___ RECORDS FOR THIS TASK

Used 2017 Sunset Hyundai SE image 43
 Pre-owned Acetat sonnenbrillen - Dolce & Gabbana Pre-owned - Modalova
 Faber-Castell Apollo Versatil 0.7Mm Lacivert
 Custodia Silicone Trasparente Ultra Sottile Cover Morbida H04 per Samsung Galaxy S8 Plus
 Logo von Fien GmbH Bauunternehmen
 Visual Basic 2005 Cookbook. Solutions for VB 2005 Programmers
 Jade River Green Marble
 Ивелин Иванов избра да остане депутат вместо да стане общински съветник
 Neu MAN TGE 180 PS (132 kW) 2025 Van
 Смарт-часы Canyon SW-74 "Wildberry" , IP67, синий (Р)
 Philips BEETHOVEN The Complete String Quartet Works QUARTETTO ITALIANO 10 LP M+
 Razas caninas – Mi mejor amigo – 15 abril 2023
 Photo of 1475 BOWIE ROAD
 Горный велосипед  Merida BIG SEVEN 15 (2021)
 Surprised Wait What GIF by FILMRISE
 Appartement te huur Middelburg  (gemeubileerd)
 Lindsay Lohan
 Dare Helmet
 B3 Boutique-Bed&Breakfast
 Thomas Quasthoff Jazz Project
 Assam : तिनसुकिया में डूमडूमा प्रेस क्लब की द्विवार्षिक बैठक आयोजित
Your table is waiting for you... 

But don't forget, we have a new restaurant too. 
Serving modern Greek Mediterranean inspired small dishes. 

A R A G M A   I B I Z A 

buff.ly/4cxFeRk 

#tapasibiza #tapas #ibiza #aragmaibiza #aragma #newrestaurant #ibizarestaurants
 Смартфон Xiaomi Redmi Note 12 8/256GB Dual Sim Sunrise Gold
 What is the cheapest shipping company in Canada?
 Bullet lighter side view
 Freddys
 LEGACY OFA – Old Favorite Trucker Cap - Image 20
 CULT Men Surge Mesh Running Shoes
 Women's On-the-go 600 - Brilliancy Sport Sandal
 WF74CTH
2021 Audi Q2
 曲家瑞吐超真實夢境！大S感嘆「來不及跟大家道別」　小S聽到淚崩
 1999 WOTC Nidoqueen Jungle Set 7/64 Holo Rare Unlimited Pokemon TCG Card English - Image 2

______

*TASK PROMPT*.
Having found the line with "Women's On-the-go 600" in the listing above, transcribe it and every line after it to the end, exactly, with no additions.

*WORKED SOLUTION*.
 Women's On-the-go 600 - Brilliancy Sport Sandal
 WF74CTH
2021 Audi Q2
 曲家瑞吐超真實夢境！大S感嘆「來不及跟大家道別」　小S聽到淚崩
 1999 WOTC Nidoqueen Jungle Set 7/64 Holo Rare Unlimited Pokemon TCG Card English - Image 2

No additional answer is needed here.